Ryan Thomson

Personal information
- Date of birth: 16 September 1982 (age 42)
- Place of birth: Greenock, Scotland
- Position(s): Midfielder

Youth career
- Greenock Morton
- Celtic

Senior career*
- Years: Team / Apps / (Gls)
- 2000: London City / 7 / (2)
- 2003–2004: HNK Hajduk Split / 0 / (0)
- 2005: Rot-Weiss Essen / 1 / (0)
- 2005: Minnesota Thunder / 0 / (0)
- 2006: Tennis Borussia Berlin / 17 / (1)
- 2007–?: Connecticut Huskies

= Ryan Thomson (footballer, born 1982) =

Scottish footballer

Ryan Thomson (born 16 September 1982 in Greenock) is a former professional Scottish footballer.

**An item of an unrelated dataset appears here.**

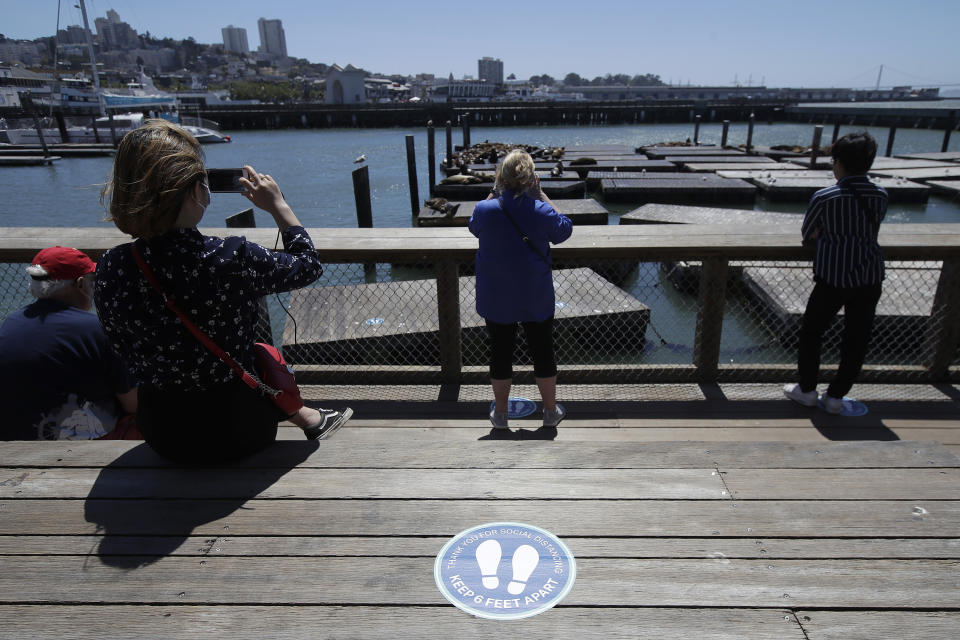 FILE - In this June 18, 2020, file photo, a sign advising visitors to maintain social distance is shown as people watch the sea lions at Pier 39, where some stores, restaurants and attractions have reopened, during the coronavirus outbreak in San Francisco. Health officials in Santa Clara County, California, one of the most aggressive in the nation in shutting down because of the coronavirus are warning of "worrisome" growing infections tied in the San Francisco Bay Area as California reports its highest one-day total infections amid a rise in hospitalizations from the virus. (AP Photo/Jeff Chiu, File)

Thomson began his career in 2000 in the Canadian Professional Soccer League with London City. Midway through the season he received a tryout and secured a contract with Greenock Morton F.C. in the Scottish First Division.

While at HNK Hajduk Split, Thomson failed to make an appearance in the Prva HNL, the top tier of Croatian football, but did however play several matches in the Croatian Cup and in European matches.

Thomson made one appearance for Rot-Weiss Essen in the 2. Bundesliga during the 2004–05 season, as a substitute for Daniel Teixeira in a 0–0 draw with Rot-Weiß Erfurt.